Die Nacht ist vorbei und der Wind hebt an in der Stadt die vergißt

(…)

Abendlicher Dreh in der historischen Marktstraße Rue Mouffetard, genannt die „Mouffe“, am Linken Ufer. Ihre Geschichte reicht wahrscheinlich bis ins Mittelalter zurück. Spektakulärer Vollmond. Kameramann Heinz – ehemals Filmbegleiter im „Sonderzug Göring“ – zielt mit ruhiger Hand auf den Mond. Schiebt dann den Trafo (er haßt das Wort Gummilinse) so weit zurück, daß der ganze Markt mit seinen gasbeleuchteten Ständen ins Bild kommt. Verblüfft frage ich, wie das denn zusammengeht, Gestirn und irdisches Gewühle? Er mißt mit dem Belichtungsmesser nach: „Nu ja, ergibt in etwa die gleiche Blende.“

Die „Mouffe“ ist ein Gedicht für alle Sinne.
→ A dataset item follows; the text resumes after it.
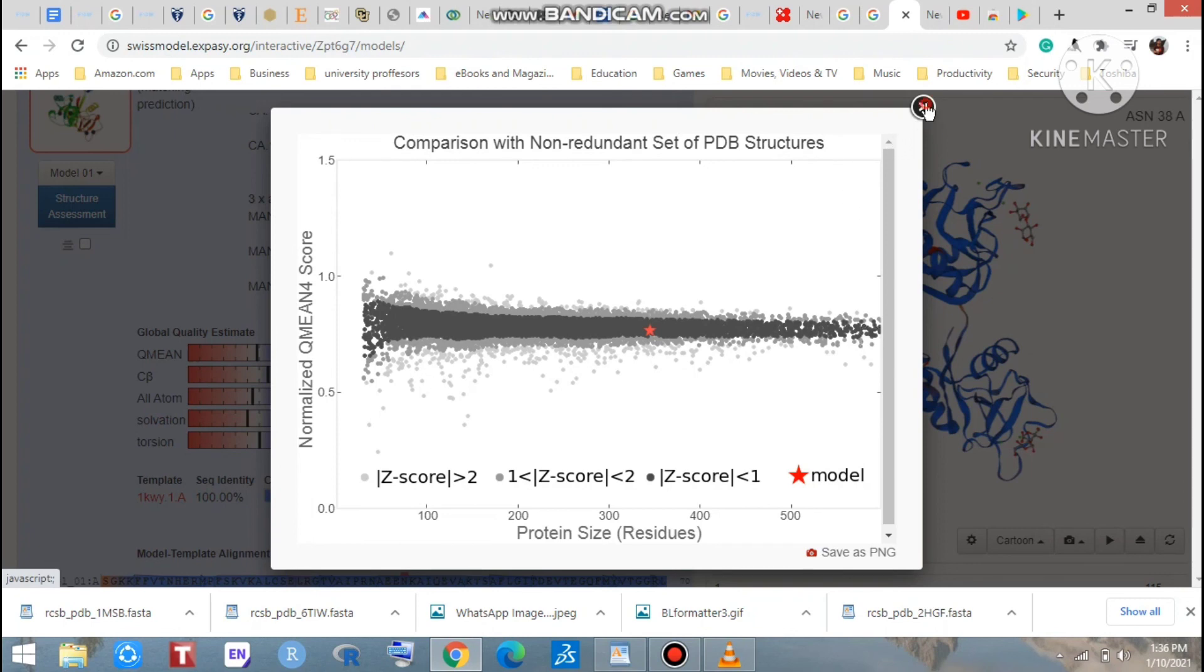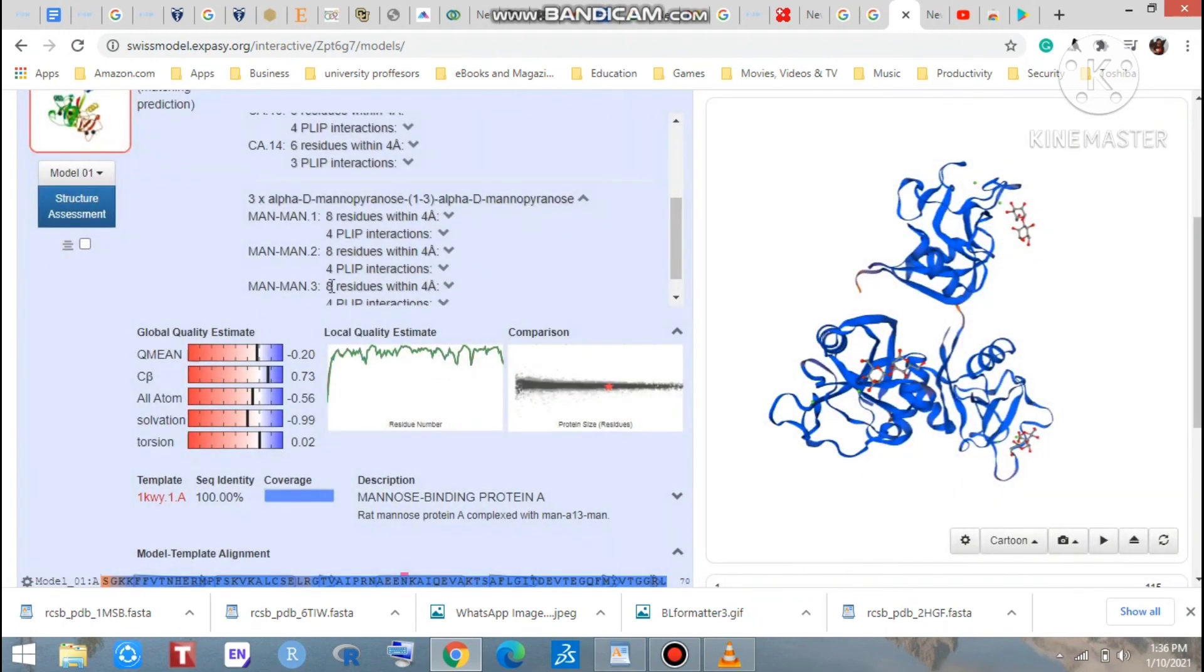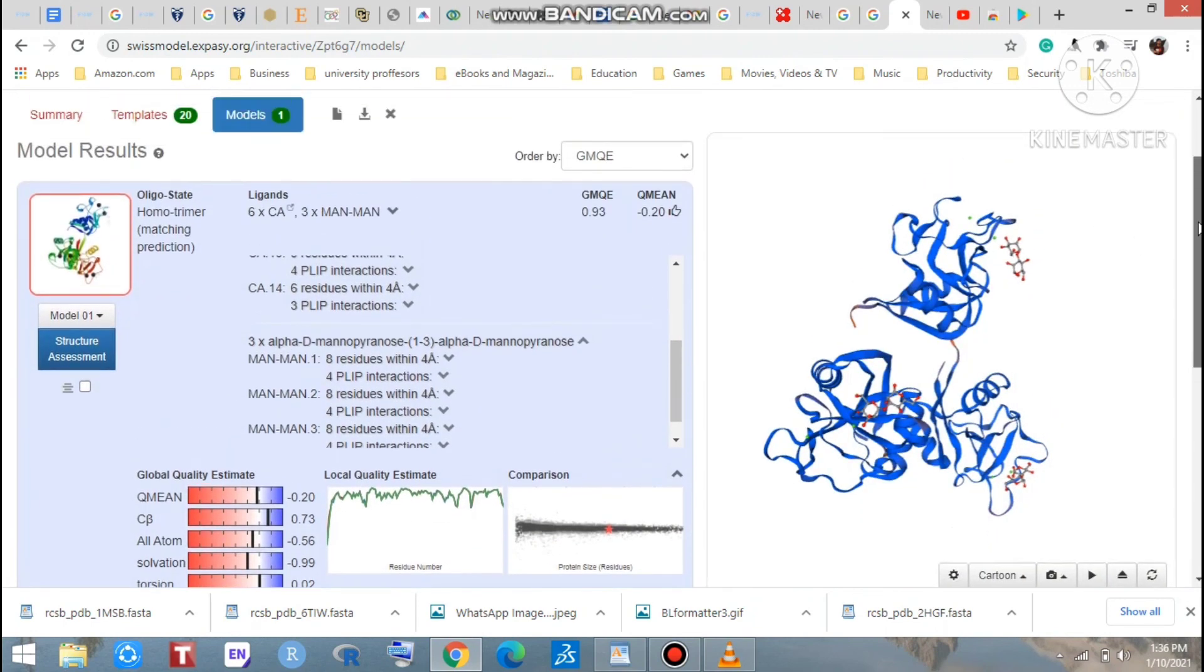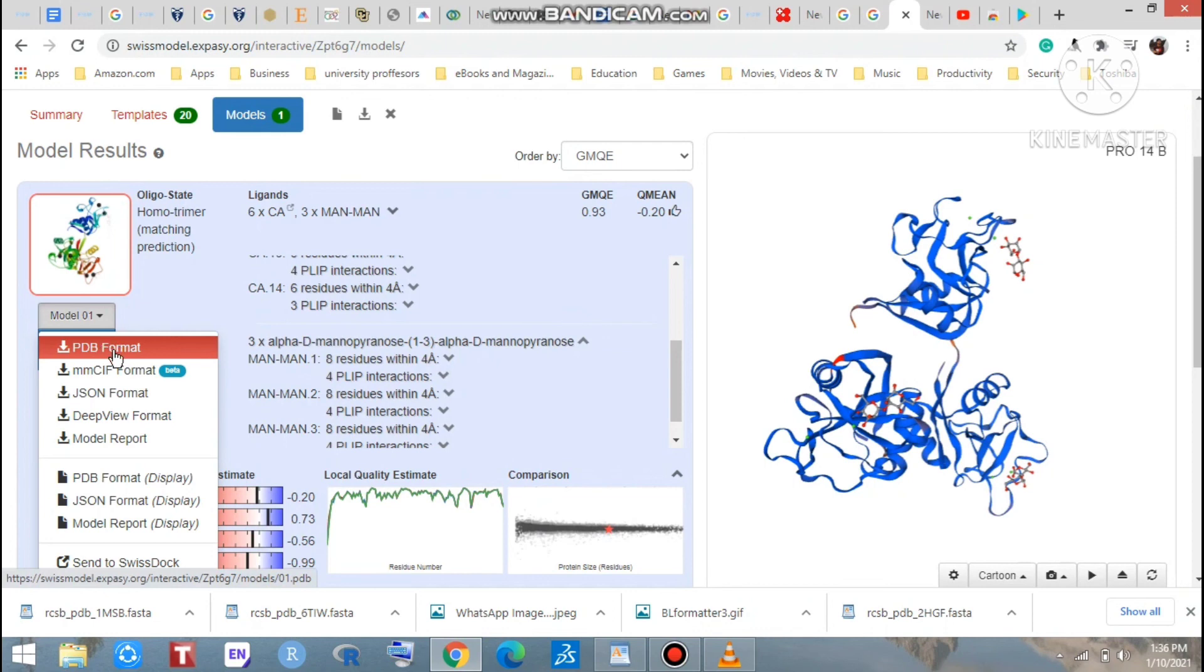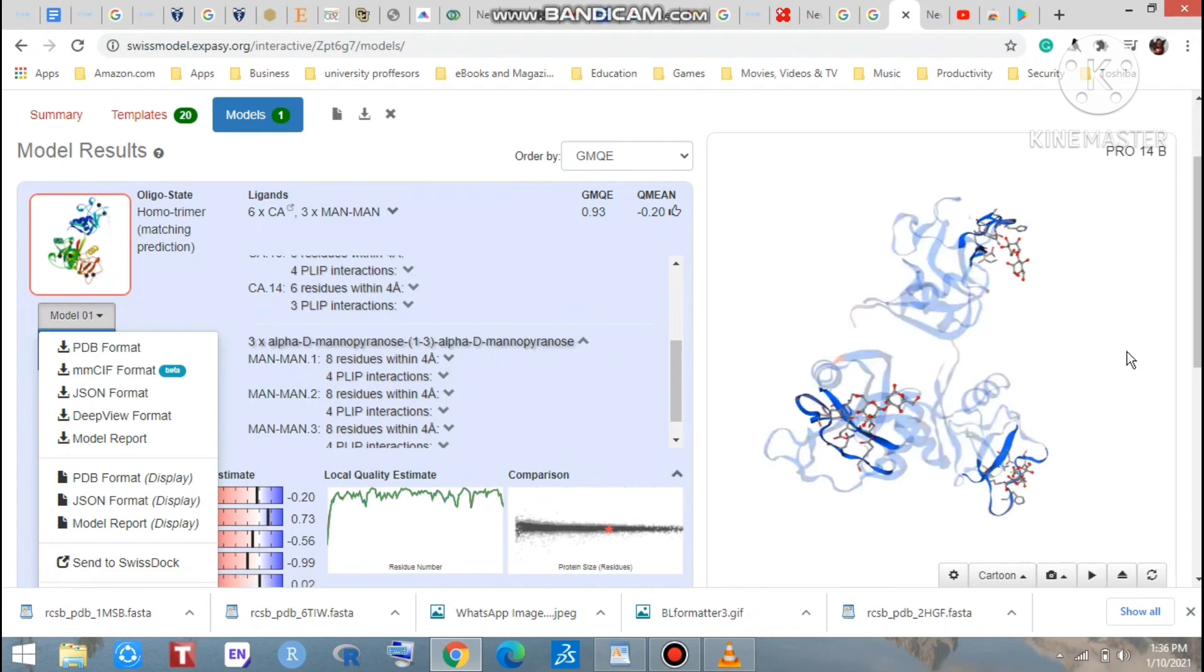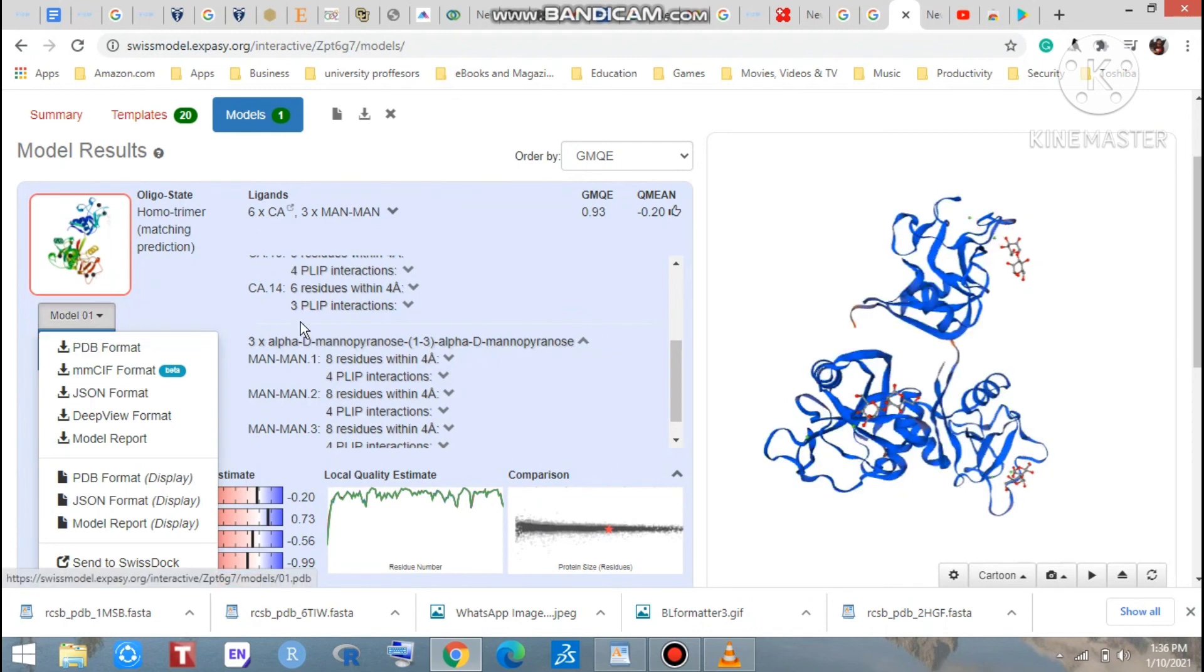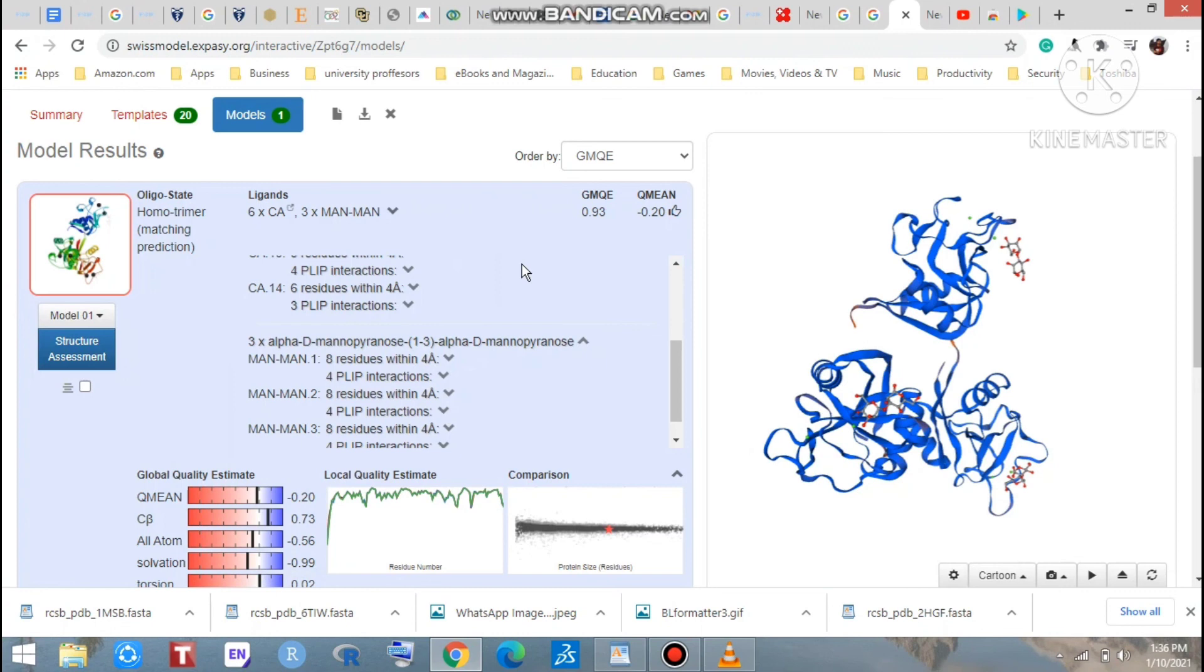Okay, if you want to download this 3D model for further analysis, you can go here, and if you want a PDB format then click here to download the tertiary structure as a PDB format. Okay, thank you very much. Like, share and subscribe my channel. Thank you.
Sie setzt sich zusammen aus Rettichrot, Schinkengefleck und Orangenorange, aus Marktfrauenlärm, Radiojazz und Bettlergeschrei, aus Karpfenduft, Fäulnisgestank und Abortmief. Auch dem versteckten Druck mancher Hand auf Melonenpole, Camembertmeridiane und Studentinnenäquatore. Die Straße endet weit unten an dem Kirchlein St.-Medard, einst berüchtigt für Wunderheiler und wunderliche Heilige. Zuletzt amtlich geschlossen, hing am nächsten Tag eine Tafel über dem Eingang: „Auf Befehl des Königs ist es von nun an Gott verboten, hier Wunder zu tun.“

Zusammengeschnitten werden unsere Aufnahmen zirka neun Minuten ergeben, mit sparsamem Text, der beiläufig dem Obigen entspricht. Jetzt brauchen wir bloß noch vier weitere Storys der gleichen Länge zu finden, dann ist mein erstes Pariser Journal komplett. Drehzeit maximal eine Woche.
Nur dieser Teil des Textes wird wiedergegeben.